◆ **Problem requirements**: Each line from the one holding "Black Girl Nail" through the end of the records should be returned exactly, while pictures are skipped.

◆ **Available data**:
______
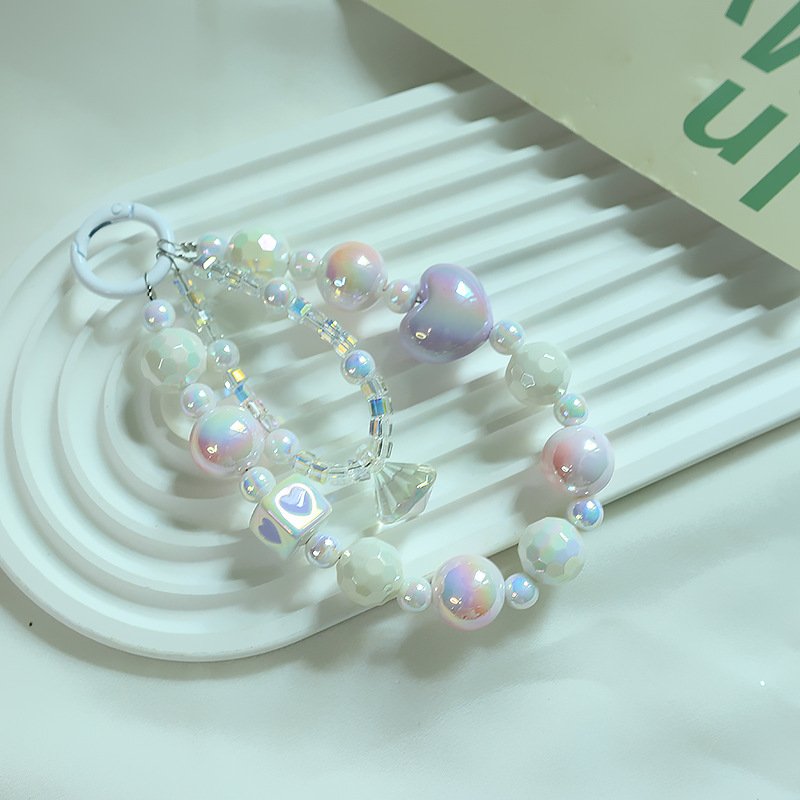 Sweet color love beaded chain phone case chain bag car pendant accessories mobile lanyard accessories wholesale
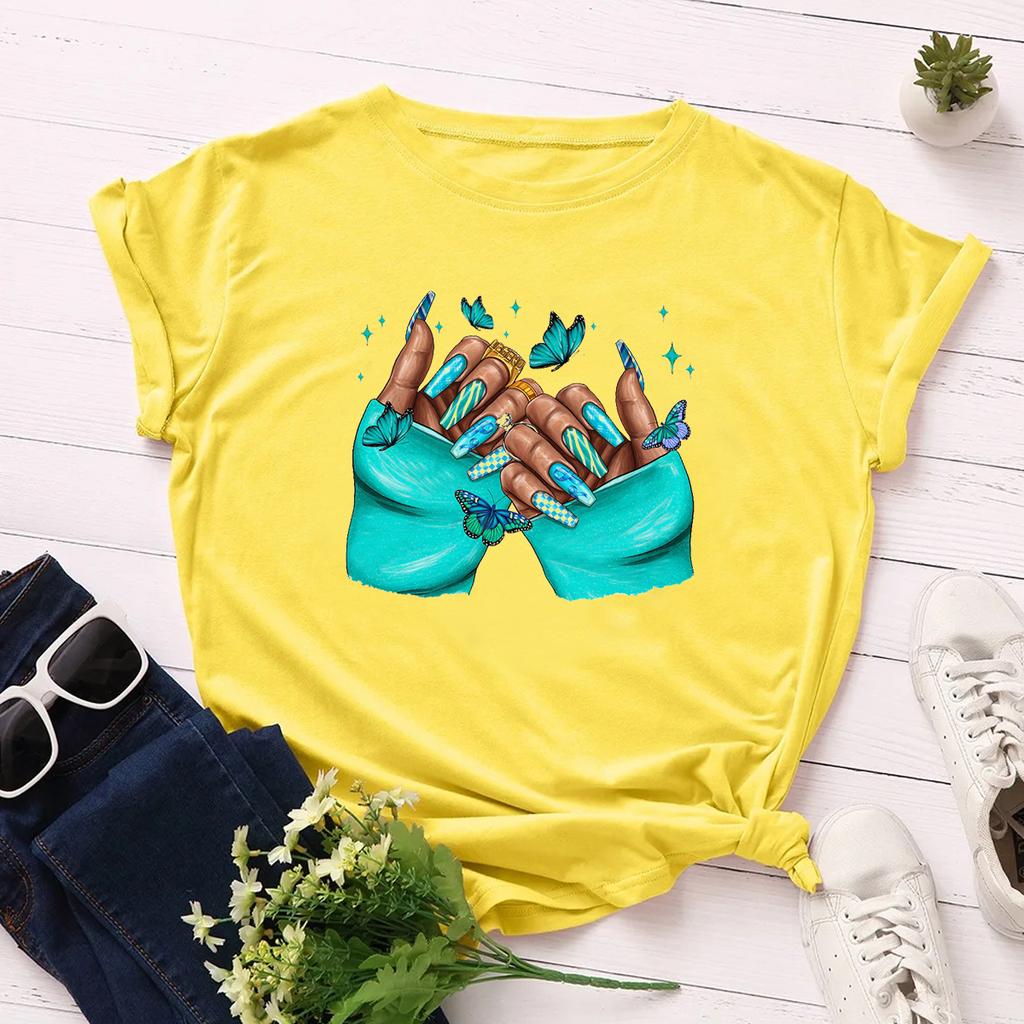 Black Girl Nail Art Pattern Printed T-Shirt Women Retro White Minimalist T-Shirt Summer Round Neck Casual Women'S Shirt Tops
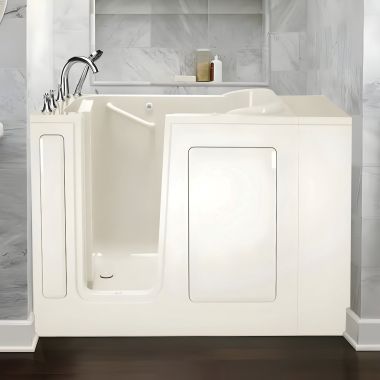 Click here to see American Standard 2848.409.CLL-PC American Standard Gelcoat 28x48-Inch Walk-in Bathtub with Combination Air Spa, Whirlpool System, Left Hand Door and Drain. Linen - 2848.409.CLL-PC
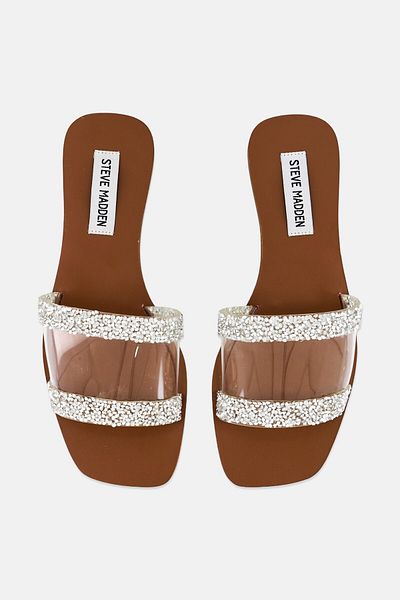 Steve Madden Women Gemi Rhine Stone Detail Slip On Flats, Transparent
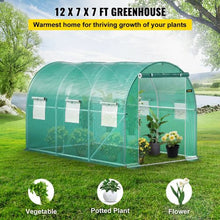 12×7×7' Ft Green Portable Plant Hot House with Galvanized Steel Hoops Walk-in Tunnel Greenhouse VV-TG-1277GREEN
______
◆ **Result of this task**:
 Black Girl Nail Art Pattern Printed T-Shirt Women Retro White Minimalist T-Shirt Summer Round Neck Casual Women'S Shirt Tops
 Click here to see American Standard 2848.409.CLL-PC American Standard Gelcoat 28x48-Inch Walk-in Bathtub with Combination Air Spa, Whirlpool System, Left Hand Door and Drain. Linen - 2848.409.CLL-PC
 Steve Madden Women Gemi Rhine Stone Detail Slip On Flats, Transparent
 12×7×7' Ft Green Portable Plant Hot House with Galvanized Steel Hoops Walk-in Tunnel Greenhouse VV-TG-1277GREEN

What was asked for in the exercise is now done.